THE TASK =>
Give the number of lines in the data below that contain "bottle", and only that number.
** DATA SECTION follows **
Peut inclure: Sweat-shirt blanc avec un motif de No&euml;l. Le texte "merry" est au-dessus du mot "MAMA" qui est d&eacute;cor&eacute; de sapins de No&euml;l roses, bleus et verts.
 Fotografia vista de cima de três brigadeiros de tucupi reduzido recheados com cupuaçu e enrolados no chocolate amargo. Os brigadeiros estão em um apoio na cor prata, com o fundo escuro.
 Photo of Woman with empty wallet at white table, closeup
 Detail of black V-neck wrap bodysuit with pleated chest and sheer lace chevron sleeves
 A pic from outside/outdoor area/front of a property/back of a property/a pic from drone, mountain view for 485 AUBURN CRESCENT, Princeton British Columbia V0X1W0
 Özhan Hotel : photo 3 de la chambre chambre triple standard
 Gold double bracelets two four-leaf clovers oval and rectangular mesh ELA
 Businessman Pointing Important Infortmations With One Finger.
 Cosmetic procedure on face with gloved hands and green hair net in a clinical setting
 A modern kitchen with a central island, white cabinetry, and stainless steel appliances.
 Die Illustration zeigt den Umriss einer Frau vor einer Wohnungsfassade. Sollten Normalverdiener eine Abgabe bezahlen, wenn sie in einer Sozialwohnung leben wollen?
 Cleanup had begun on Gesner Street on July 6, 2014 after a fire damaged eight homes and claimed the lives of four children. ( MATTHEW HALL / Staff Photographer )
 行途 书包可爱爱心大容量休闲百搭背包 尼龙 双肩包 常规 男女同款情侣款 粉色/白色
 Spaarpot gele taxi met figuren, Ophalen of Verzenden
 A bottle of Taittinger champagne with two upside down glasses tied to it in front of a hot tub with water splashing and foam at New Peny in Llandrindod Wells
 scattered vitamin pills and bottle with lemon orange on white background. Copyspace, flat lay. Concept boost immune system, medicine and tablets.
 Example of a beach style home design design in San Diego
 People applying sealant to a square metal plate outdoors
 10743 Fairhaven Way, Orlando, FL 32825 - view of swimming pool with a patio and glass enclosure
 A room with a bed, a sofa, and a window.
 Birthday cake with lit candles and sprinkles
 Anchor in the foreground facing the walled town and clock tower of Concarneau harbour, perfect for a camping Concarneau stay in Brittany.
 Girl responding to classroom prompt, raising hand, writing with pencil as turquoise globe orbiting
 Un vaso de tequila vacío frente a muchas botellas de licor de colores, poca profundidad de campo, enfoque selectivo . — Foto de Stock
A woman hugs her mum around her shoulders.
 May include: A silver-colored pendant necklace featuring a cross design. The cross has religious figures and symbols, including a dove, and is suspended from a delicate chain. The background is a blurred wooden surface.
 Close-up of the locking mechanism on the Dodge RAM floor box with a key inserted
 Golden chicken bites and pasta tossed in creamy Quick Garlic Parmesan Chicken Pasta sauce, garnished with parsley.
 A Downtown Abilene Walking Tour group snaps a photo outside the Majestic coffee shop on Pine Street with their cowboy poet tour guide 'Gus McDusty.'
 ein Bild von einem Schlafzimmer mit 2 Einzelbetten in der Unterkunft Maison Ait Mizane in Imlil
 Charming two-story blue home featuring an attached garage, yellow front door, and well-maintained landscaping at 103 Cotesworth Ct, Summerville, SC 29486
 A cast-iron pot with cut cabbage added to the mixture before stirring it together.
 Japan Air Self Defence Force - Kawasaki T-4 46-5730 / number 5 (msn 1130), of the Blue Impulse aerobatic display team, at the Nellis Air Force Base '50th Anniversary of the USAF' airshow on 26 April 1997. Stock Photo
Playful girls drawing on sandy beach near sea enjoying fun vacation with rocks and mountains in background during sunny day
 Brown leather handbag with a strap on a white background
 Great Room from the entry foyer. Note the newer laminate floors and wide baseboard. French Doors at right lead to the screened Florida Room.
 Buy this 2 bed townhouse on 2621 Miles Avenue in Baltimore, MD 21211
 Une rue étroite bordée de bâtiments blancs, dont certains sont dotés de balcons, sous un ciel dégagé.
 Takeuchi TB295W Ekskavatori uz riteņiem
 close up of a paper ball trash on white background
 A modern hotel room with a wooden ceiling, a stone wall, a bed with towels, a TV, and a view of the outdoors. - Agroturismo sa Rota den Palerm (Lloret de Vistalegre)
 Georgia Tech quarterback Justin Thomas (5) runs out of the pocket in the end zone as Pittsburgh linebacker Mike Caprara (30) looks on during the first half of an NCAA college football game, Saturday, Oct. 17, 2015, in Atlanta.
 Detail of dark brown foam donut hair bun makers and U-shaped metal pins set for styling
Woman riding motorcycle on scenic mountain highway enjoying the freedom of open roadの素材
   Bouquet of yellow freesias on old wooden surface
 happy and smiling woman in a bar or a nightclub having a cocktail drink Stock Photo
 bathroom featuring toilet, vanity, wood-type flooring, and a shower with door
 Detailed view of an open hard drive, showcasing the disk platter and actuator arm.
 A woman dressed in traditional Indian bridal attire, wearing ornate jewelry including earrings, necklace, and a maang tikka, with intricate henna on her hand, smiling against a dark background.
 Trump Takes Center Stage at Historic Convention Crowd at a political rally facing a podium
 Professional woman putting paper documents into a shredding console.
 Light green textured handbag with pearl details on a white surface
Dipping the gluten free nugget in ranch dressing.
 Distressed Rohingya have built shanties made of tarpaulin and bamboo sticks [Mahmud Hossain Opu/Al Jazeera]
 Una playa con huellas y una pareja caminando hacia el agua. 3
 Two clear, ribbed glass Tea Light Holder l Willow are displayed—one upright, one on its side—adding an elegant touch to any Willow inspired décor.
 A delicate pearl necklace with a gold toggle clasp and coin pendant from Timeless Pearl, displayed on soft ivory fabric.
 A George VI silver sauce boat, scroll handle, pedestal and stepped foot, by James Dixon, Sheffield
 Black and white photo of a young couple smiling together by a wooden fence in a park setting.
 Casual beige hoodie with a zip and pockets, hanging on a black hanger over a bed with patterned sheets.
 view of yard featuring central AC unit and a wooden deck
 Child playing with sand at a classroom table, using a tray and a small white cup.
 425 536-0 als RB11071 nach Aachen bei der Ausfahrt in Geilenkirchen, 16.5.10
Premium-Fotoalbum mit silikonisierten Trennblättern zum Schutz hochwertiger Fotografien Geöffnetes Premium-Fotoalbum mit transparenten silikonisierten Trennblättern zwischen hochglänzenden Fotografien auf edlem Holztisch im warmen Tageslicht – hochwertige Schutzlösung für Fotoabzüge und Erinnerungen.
** End of DATA SECTION **
WRITTEN RESPONSE =>
2